Word for word, restate all the records; images are not part of the copy.

----------

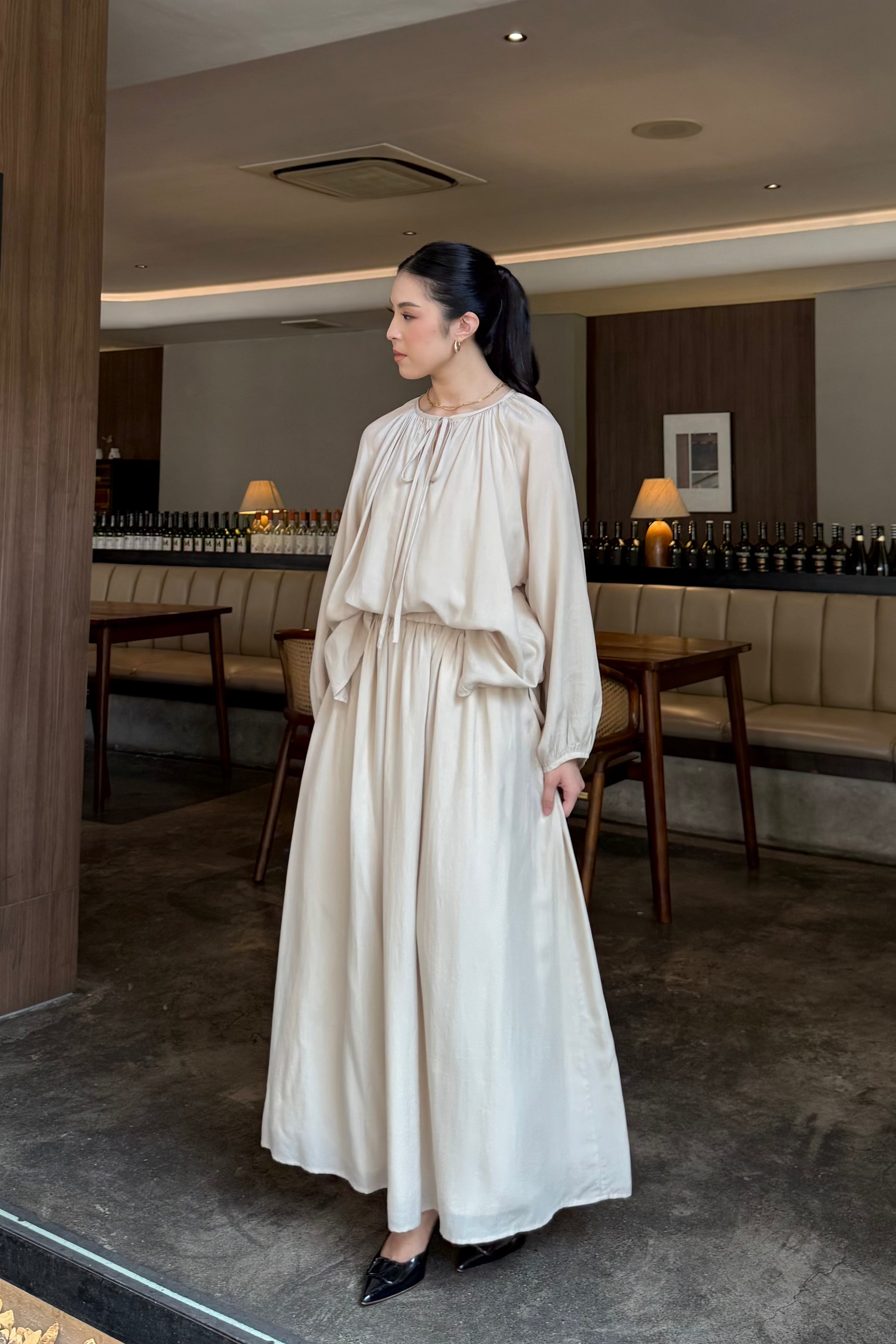 Shojo Set - Setelan Atasan Bawahan Elegan Wanita Bahan Tancel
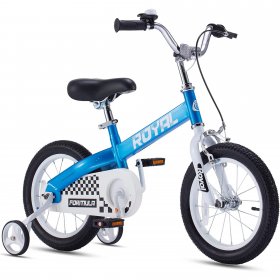 RoyalBaby 14 Inch Formula Toddler and Kids Bike with Training Wheels Child Bicycle Blue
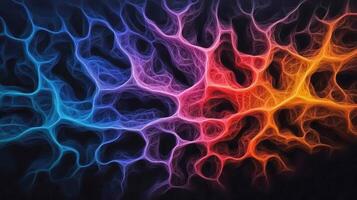 Abstract Colorful Network Luminous Glowing Lines Energy Flow Fractal Art Design photo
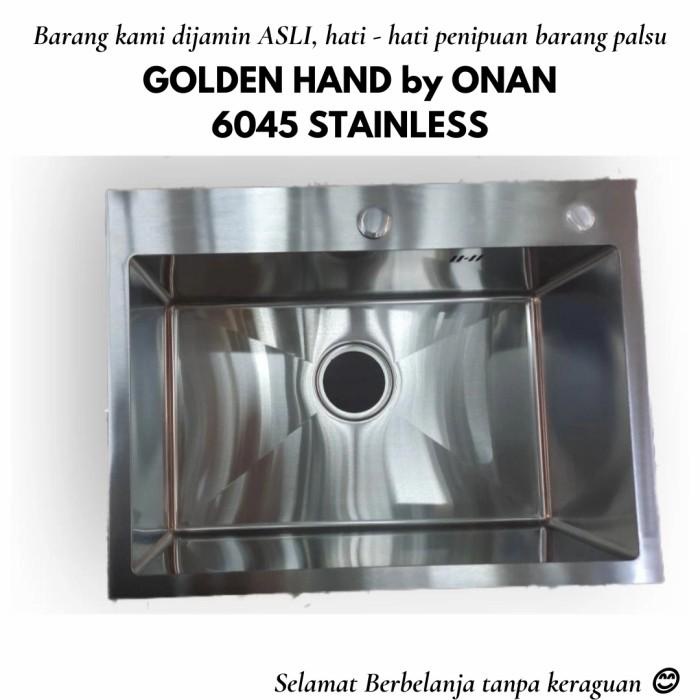 Jual Bak Cuci Piring Kitchen Sink Onan Golden Hand 6045 Shopee Indonesia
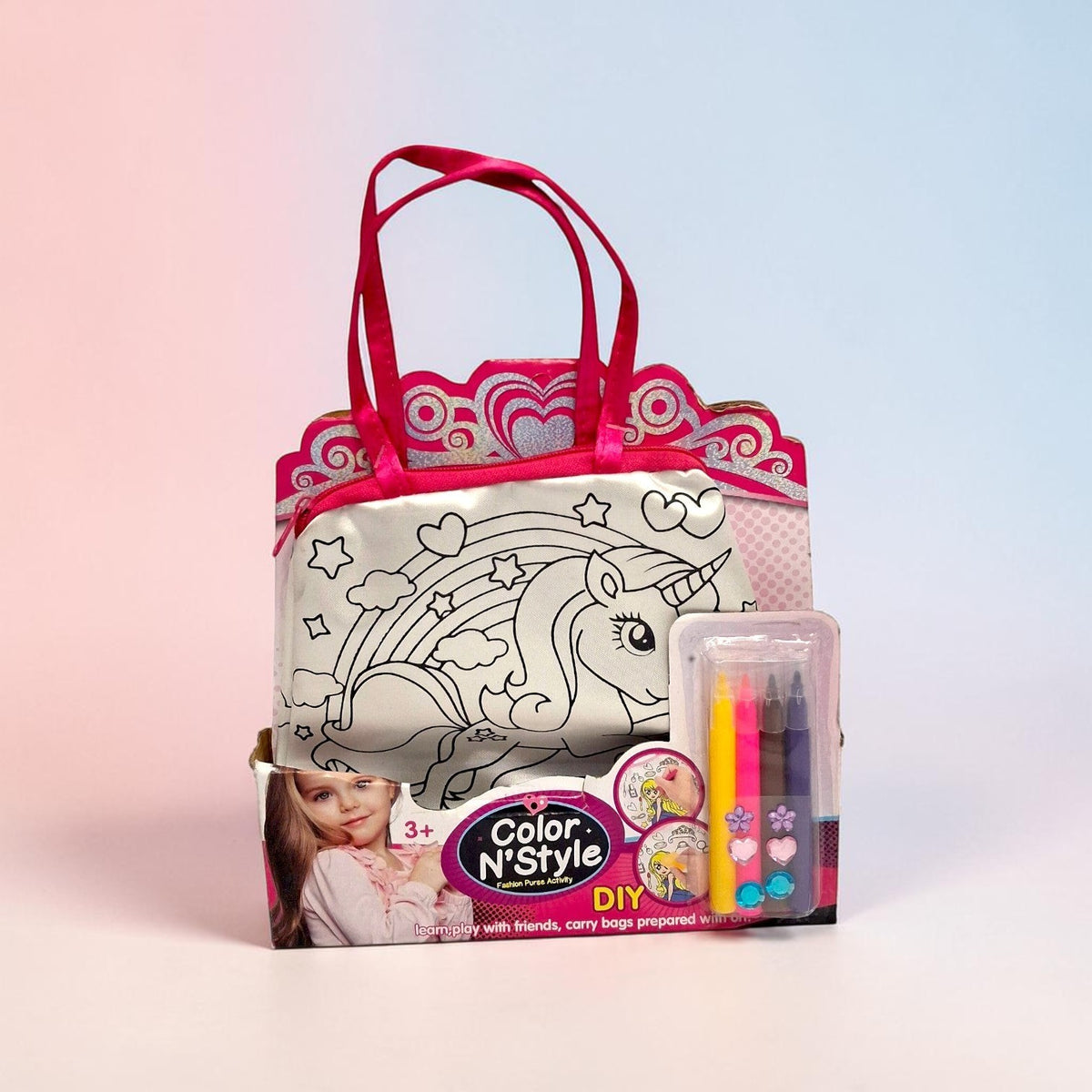 Girls DIY Colour Your Own Fashion Purse & Handbag Kit with Markers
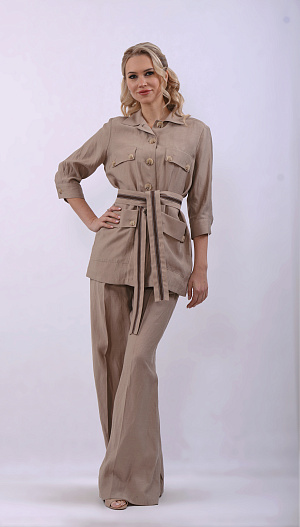 Костюм с брюками из льна темно-бежевый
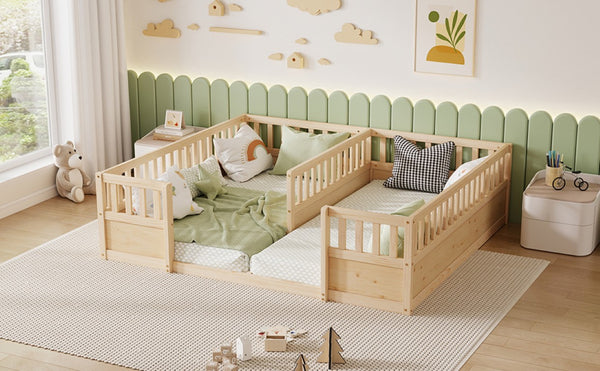 English Elm Double Pine Twin Floor Bed Set for Two Kids with Safety Guardrails and Open Access W504P515819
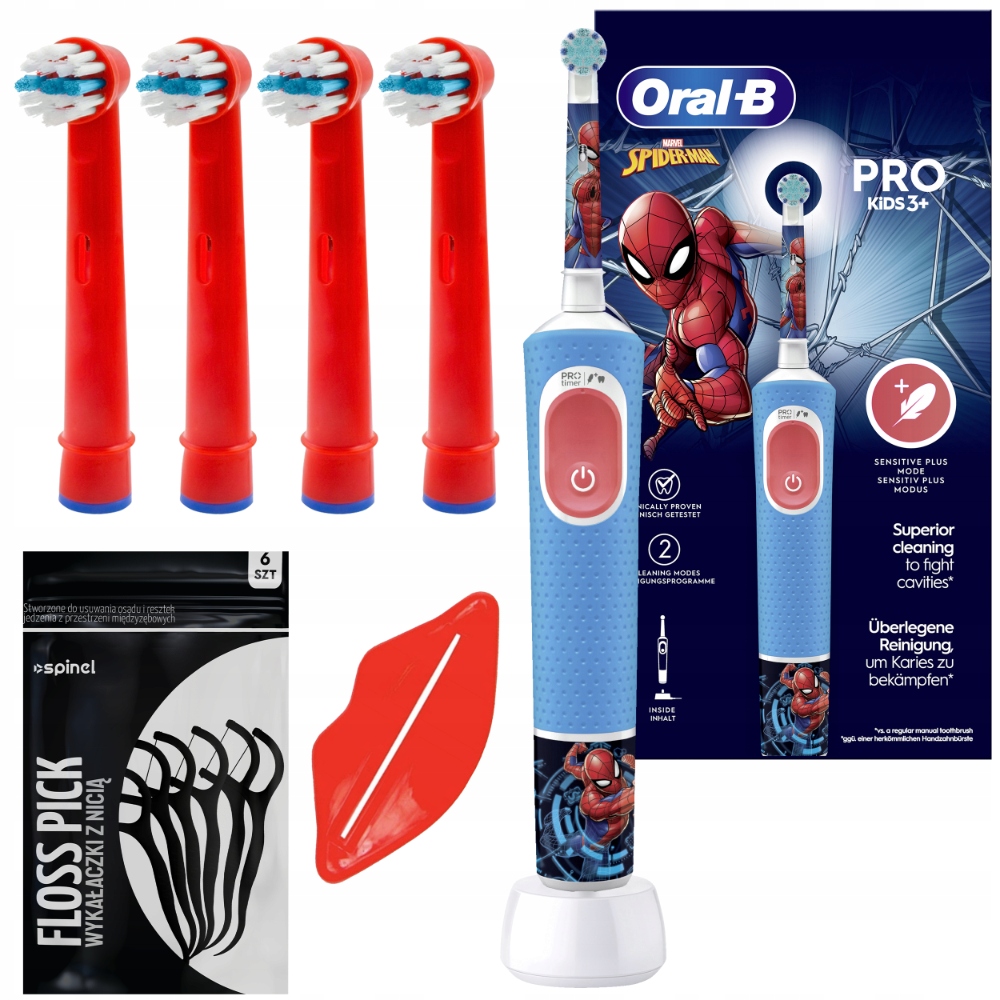 Szczoteczka Elektryczna Dla Dzieci Oral-b Vitality Spiderman Dodatki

----------

(PROBLEM SOLUTION)
 Shojo Set - Setelan Atasan Bawahan Elegan Wanita Bahan Tancel
 RoyalBaby 14 Inch Formula Toddler and Kids Bike with Training Wheels Child Bicycle Blue
 Abstract Colorful Network Luminous Glowing Lines Energy Flow Fractal Art Design photo
 Jual Bak Cuci Piring Kitchen Sink Onan Golden Hand 6045 Shopee Indonesia
 Girls DIY Colour Your Own Fashion Purse & Handbag Kit with Markers
 Костюм с брюками из льна темно-бежевый
 English Elm Double Pine Twin Floor Bed Set for Two Kids with Safety Guardrails and Open Access W504P515819
 Szczoteczka Elektryczna Dla Dzieci Oral-b Vitality Spiderman Dodatki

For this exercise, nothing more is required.